During the Games, the most obvious ritual is the
victory ceremony.Although the Olympic Charter claims
that the Games are contests among individuals and not
nations, nationalism pervades the ceremony. Some of
the symbolism is so obvious that we are hardly conscious of it. The victor’s medal is gold rather than silver
or bronze because gold has always symbolized the most
“noble” of metals. The victor’s spot on the podium is elevated above those of the other medal winners because
spatial positions are also metaphorical. Higher is
higher. Some of the symbolism is obvious and controversial. While no one advocates that the victors receive
a leaden medal or that they sit on the grass to receive it,
many critics have lamented the playing of national anthems and the raising of national flags. Criticism has
been ineffectual because the patriotic emotions unleashed by this ritual are greatly cherished. Although
weeping is not really an Olympic ritual, it is nonetheless
customary for even the hardiest athletes to have tears in
their eyes as the anthem plays and the flag rises.

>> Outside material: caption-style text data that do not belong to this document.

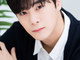 Filename=63405.jpg
Filesize=110KiB
Dimensions=720x1080
Date added=Nov 09, 2019 63405.jpg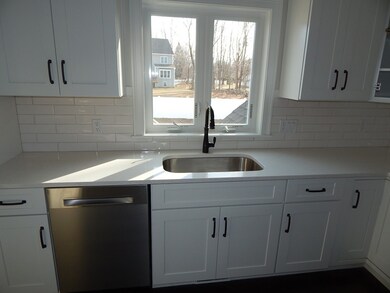 Lot 1 Authelet Way, Foxboro, MA 02060 - photo 5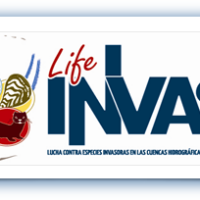 LIFE INVASEP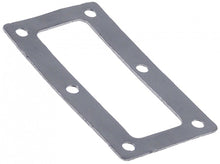 Garnitura pentru rezistenta L 130x70 mm, grosime 1 mm - 550639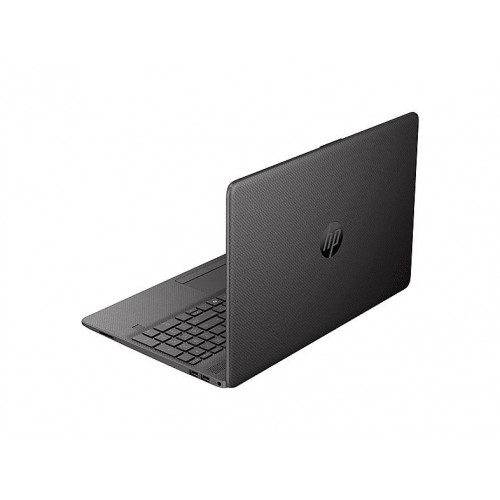 Portátil - HP HP 250R G9, 15,6 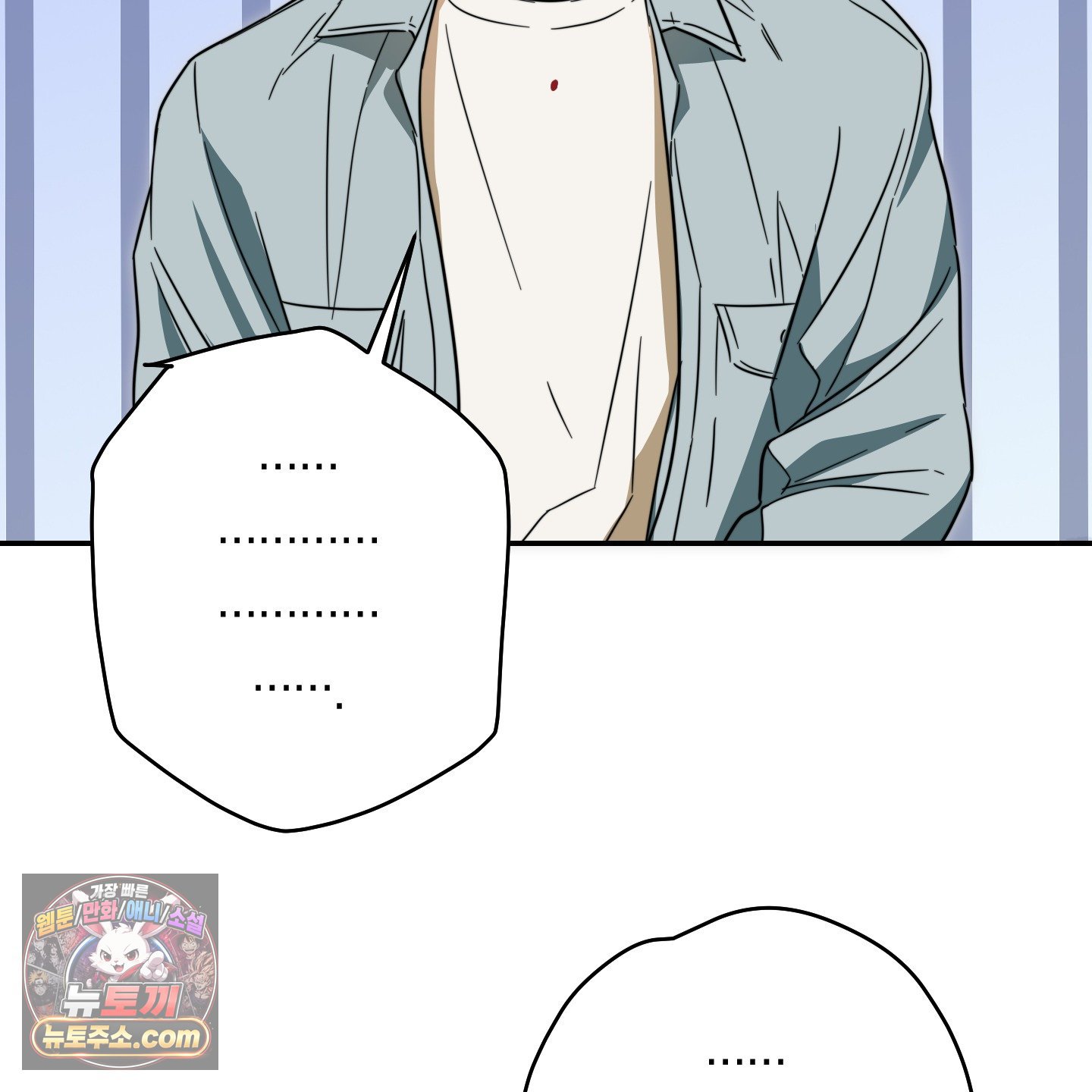 107.jpg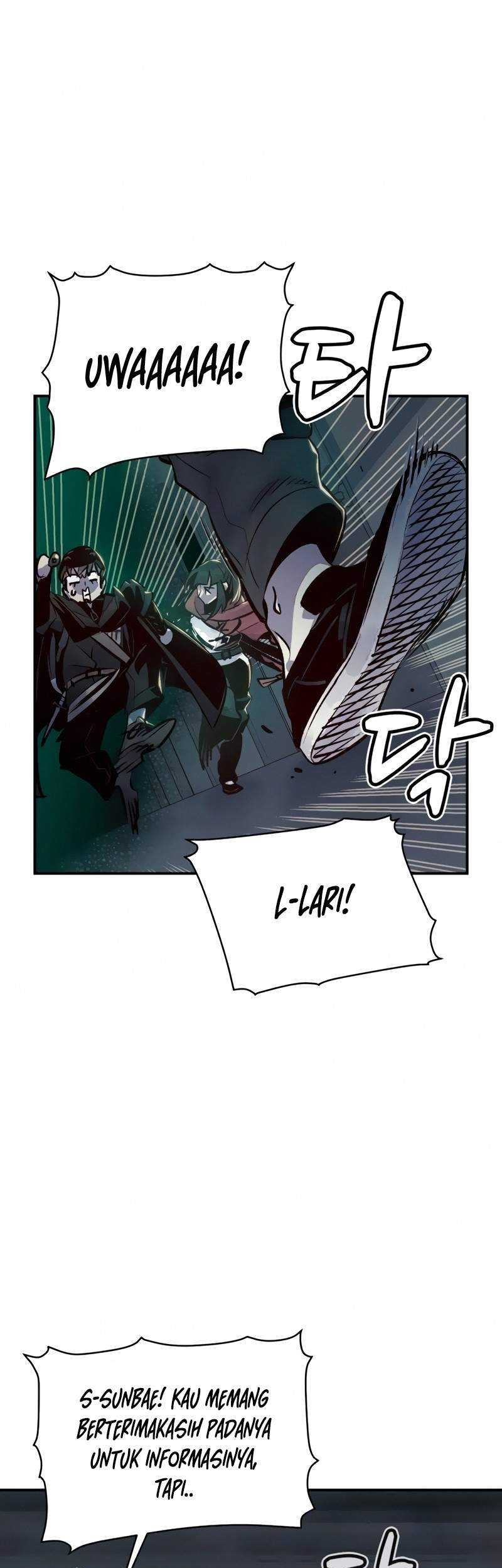 Chapter 15 - halaman 29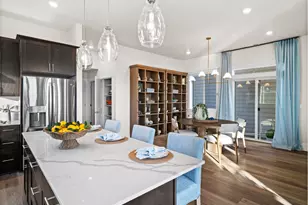 18354 SW Weeks Way, Beaverton, OR 97003 - Photo 12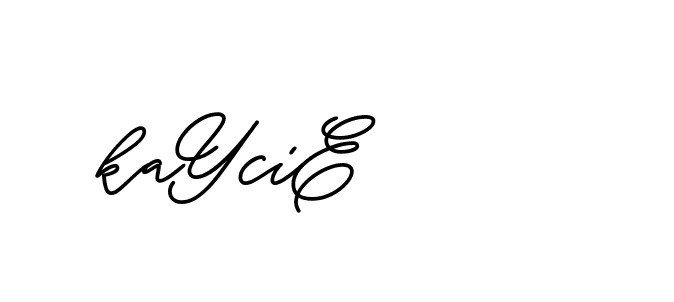The best way (ButtekDemo-nRK74) to make a short signature is to pick only two or three words in your name. The name Ceard include a total of six letters. For converting this name. Ceard signature style 2 images and pictures png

The closing ceremony has become almost as elaborate as the opening ceremony.One ritual was introduced
by the athletes rather than by the Olympic officials. At
Melbourne in 1956, the athletes, who were grouped into
the traditional national teams, broke ranks, left their
positions, and joined in a spontaneous festival of international fellowship. They sang and danced, embraced
and hugged, and created a cherished event that actually
does more to symbolize de Coubertin’s dream of international reconciliation than any other Olympic ritual.
Private Rites
The premodern rituals of pre-Columbian stickball and
the modern rituals of the Olympic Games are both
communal. Sports have also had their share, and probably more than their share, of private rituals. These
vary as widely as people do. There are athletes who
cannot compete if they put on their right shoe before
their left. Others are disconcerted and uncoordinated if
they forget their bubble gum. Some kiss their spouse
before they depart for the stadium (left cheek, right
cheek, forehead, chin, lips—in that order and none
other). Some close their eyes, dispel thoughts of marital bliss, and concentrate on the contest.
John Wooden, legendary basketball coach at the University of California, Los Angeles (UCLA), the man who
led the university to seven successive National Collegiate
Athletic Association (NCAA) championships, nicely exemplifies the pervasiveness and oddity of private ritual.

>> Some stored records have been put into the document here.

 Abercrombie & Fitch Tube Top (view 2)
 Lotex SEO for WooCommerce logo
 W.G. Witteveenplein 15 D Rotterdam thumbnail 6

He performed an invariant pregame ritual. Before every
contest, he won the favor of the gods by turning to wink
at his wife (who always attended the game and always
sat directly behind him), by patting the knee of his assistant coach, by tugging at his socks, and by leaning
over to tap the floor. Only he knew the exact significance
of these symbolic behaviors, but we can assume that
Wooden believed them to be necessary adjuncts to his
instructions in dribbling, passing, and shooting.
The more we look, the more we see. Unlike many
premodern sports, modern sports are not rituals, but
they are surrounded by them, embedded in them, and
enriched by them.
—ALLEN GUTTMANN
Bibliography: Guttmann, Allen. (1978) From Ritual to
Record: The Nature of Modern Sports. New York: Columbia
University Press. MacAloon, John J. (1981) This Great
Symbol: Pierre de Coubertin and the Origins of the Modern
Olympic Games. Chicago: University of Chicago Press.